FEATURE: More flexible ingestion command

Question

FEATURE: More flexible ingestion command

PlainSite opened this issue 7 months ago · comments

The alephclient ingestion tool has a "crawldir" option to ingest every file in a folder, but in many cases I just want to ingest one file at a time. This is because I often add PDFs to a folder where some of the PDFs (the old ones) have already been ingested/OCRed but the new ones have not. It's a waste of CPU resources to repeatedly re-ingest documents that are already in Aleph.

Either by default the alephclient command should skip over files where the SHA-1 checksum matches a checksum already in ElasticSearch (isn't this the point of storing the checksum?) with something like a --force option if it's really necessary to re-run the ingestion process for those files, and/or alephclient should allow more precise targeting of specific files to avoid the re-ingestion problem.
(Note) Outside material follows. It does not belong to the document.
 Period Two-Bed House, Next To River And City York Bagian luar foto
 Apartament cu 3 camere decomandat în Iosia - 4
The alternative of moving files to a random folder in /tmp to ingest them there isn't ideal because alephclient absorbs some of that file structure metadata when it's figuring out what it's ingesting.

It would also be nice to be able to define metadata to go along with an ingestion batch by passing some information from the command line. Right now I'm not sure how to do that, and such metadata might be useful later to filter ingested data in a certain way.
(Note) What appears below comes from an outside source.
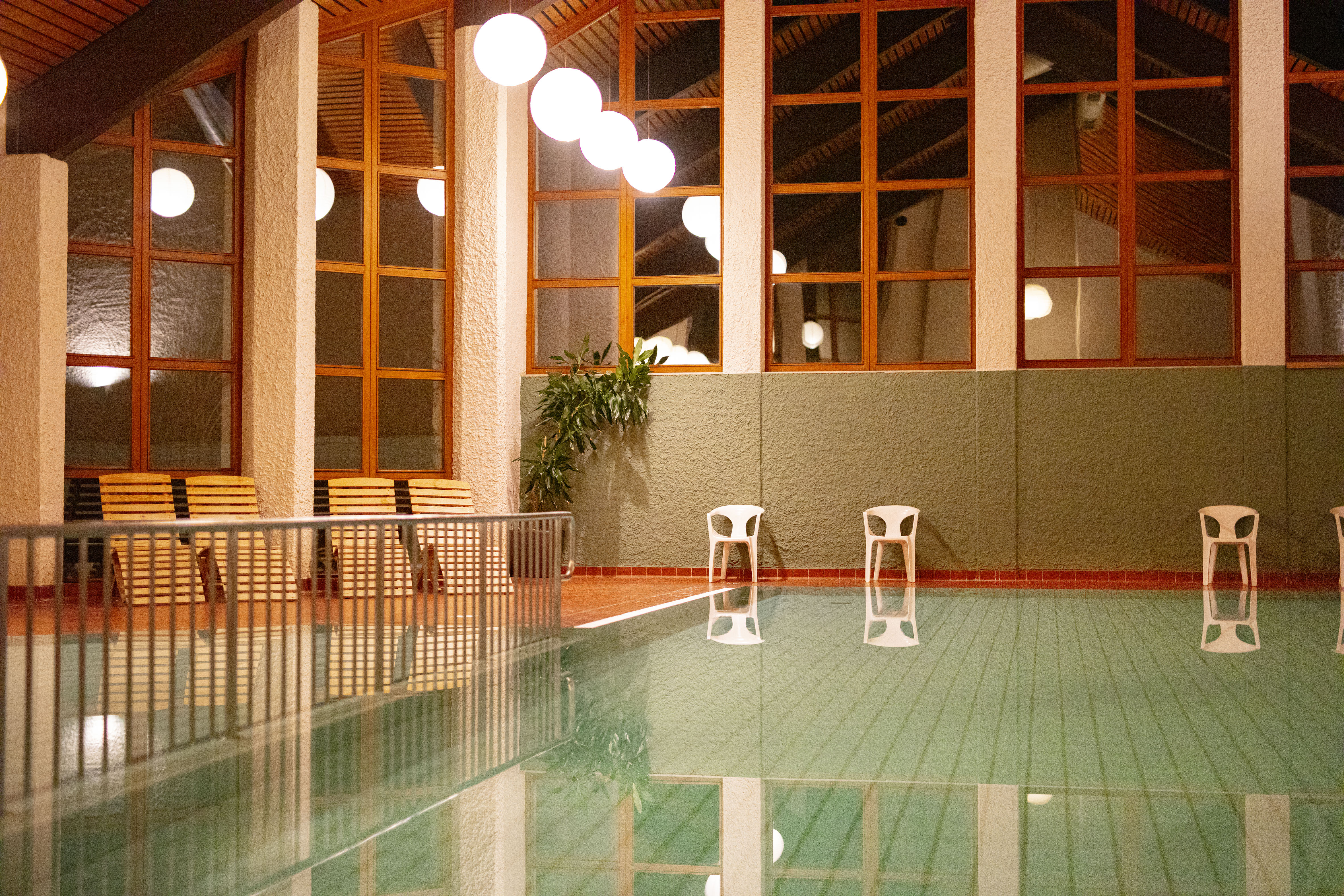 Hochzeitslocation: Schwimmbad - Landhaus Nordhelle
Till Prochaska commented 6 months ago

Steve Haffenden · Answer 1 · Tue Jan 16 2024 19:15:40 GMT+0800 (China Standard Time)

Hey @PlainSite

Thanks for raising this feature request. This is something that we are aware of, and that we'd like to address with time. Right now the team are focused on a significant backlog of other work, so it may be a while before we can get to this. If you felt like putting together a pull request then we'd love to review it.

Thanks